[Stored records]

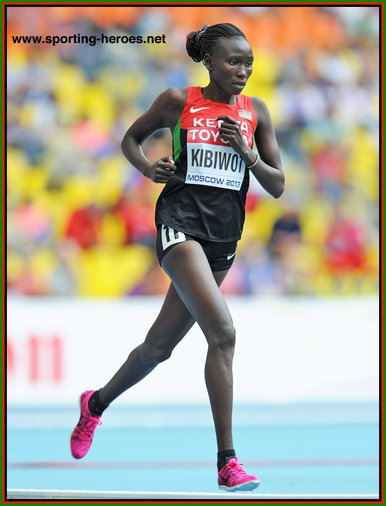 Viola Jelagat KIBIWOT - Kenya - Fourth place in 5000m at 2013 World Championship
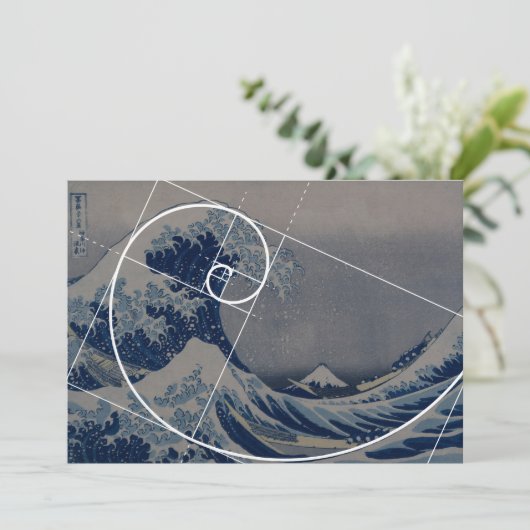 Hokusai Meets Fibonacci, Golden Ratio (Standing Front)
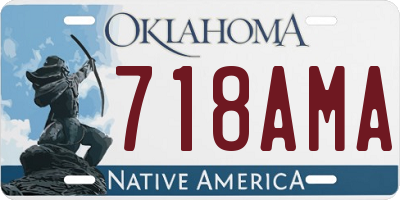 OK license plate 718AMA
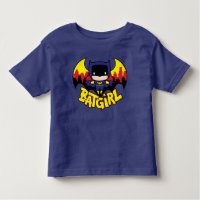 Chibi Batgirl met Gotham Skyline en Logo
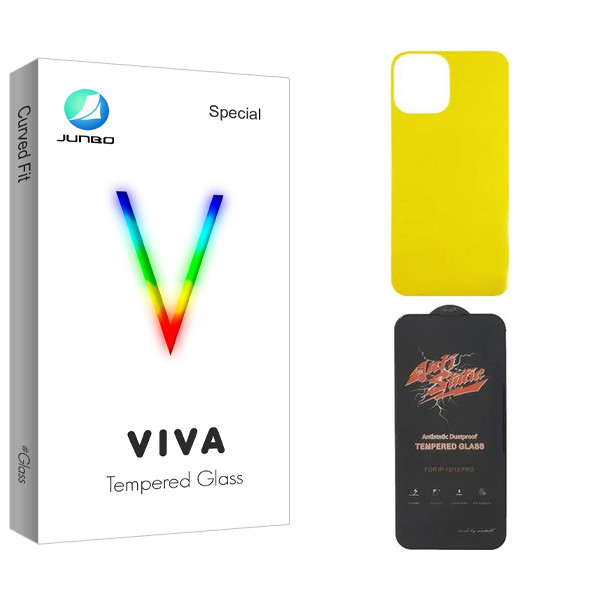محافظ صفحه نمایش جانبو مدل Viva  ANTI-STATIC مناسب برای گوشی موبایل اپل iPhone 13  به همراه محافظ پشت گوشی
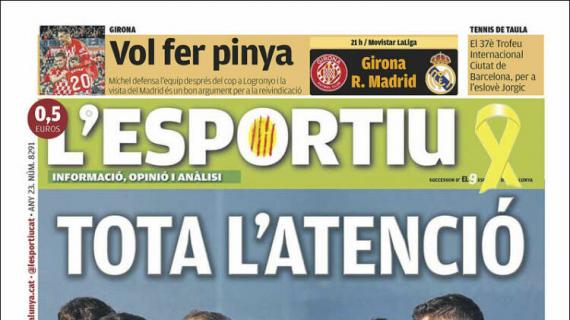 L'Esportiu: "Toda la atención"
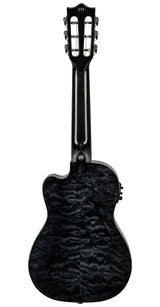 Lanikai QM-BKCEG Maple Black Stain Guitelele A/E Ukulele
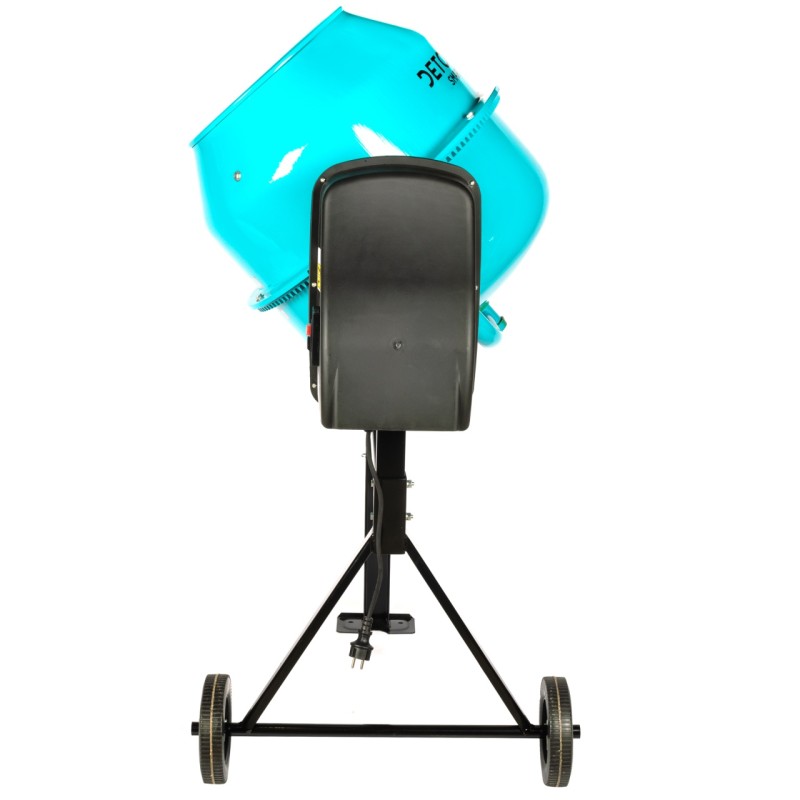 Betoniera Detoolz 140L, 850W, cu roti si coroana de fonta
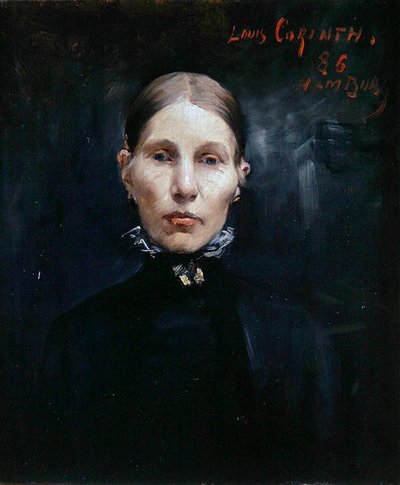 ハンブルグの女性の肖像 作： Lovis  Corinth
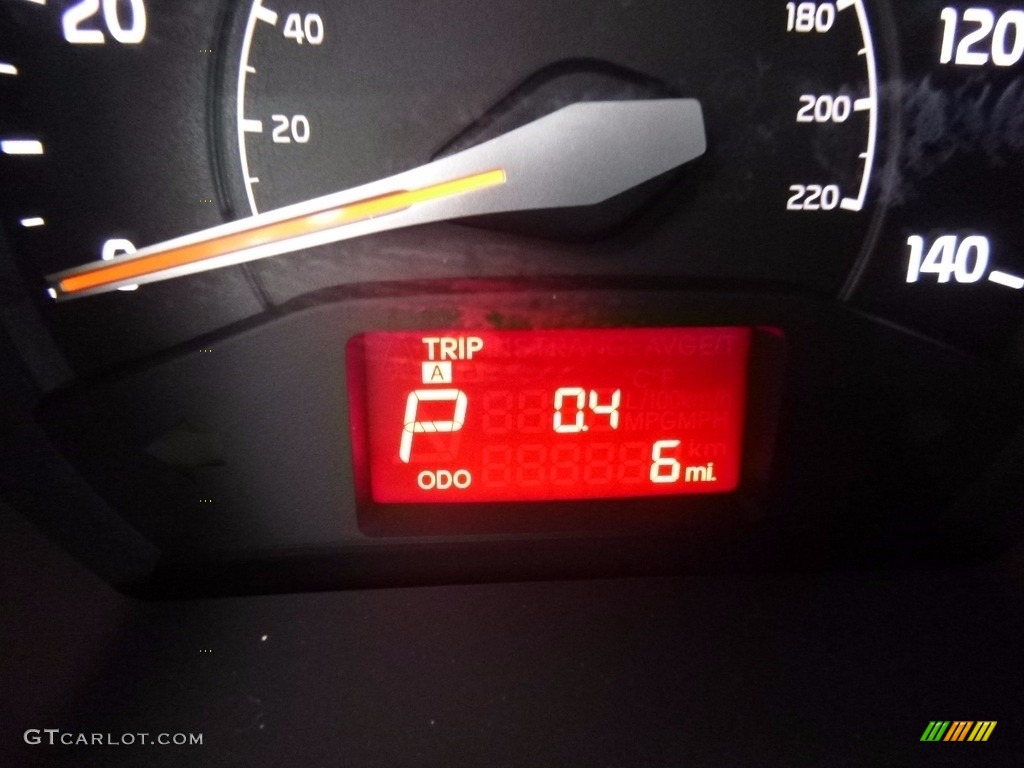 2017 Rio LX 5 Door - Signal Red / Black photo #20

**EXERCISE DIRECTIONS:**
Restate each of the entries above word for word and skip every image.

**ANSWER FOR THIS EXERCISE:**
 Viola Jelagat KIBIWOT - Kenya - Fourth place in 5000m at 2013 World Championship
 Hokusai Meets Fibonacci, Golden Ratio (Standing Front)
 OK license plate 718AMA
 Chibi Batgirl met Gotham Skyline en Logo
محافظ صفحه نمایش جانبو مدل Viva  ANTI-STATIC مناسب برای گوشی موبایل اپل iPhone 13  به همراه محافظ پشت گوشی
 L'Esportiu: "Toda la atención"
 Lanikai QM-BKCEG Maple Black Stain Guitelele A/E Ukulele
 Betoniera Detoolz 140L, 850W, cu roti si coroana de fonta
 ハンブルグの女性の肖像 作： Lovis  Corinth
 2017 Rio LX 5 Door - Signal Red / Black photo #20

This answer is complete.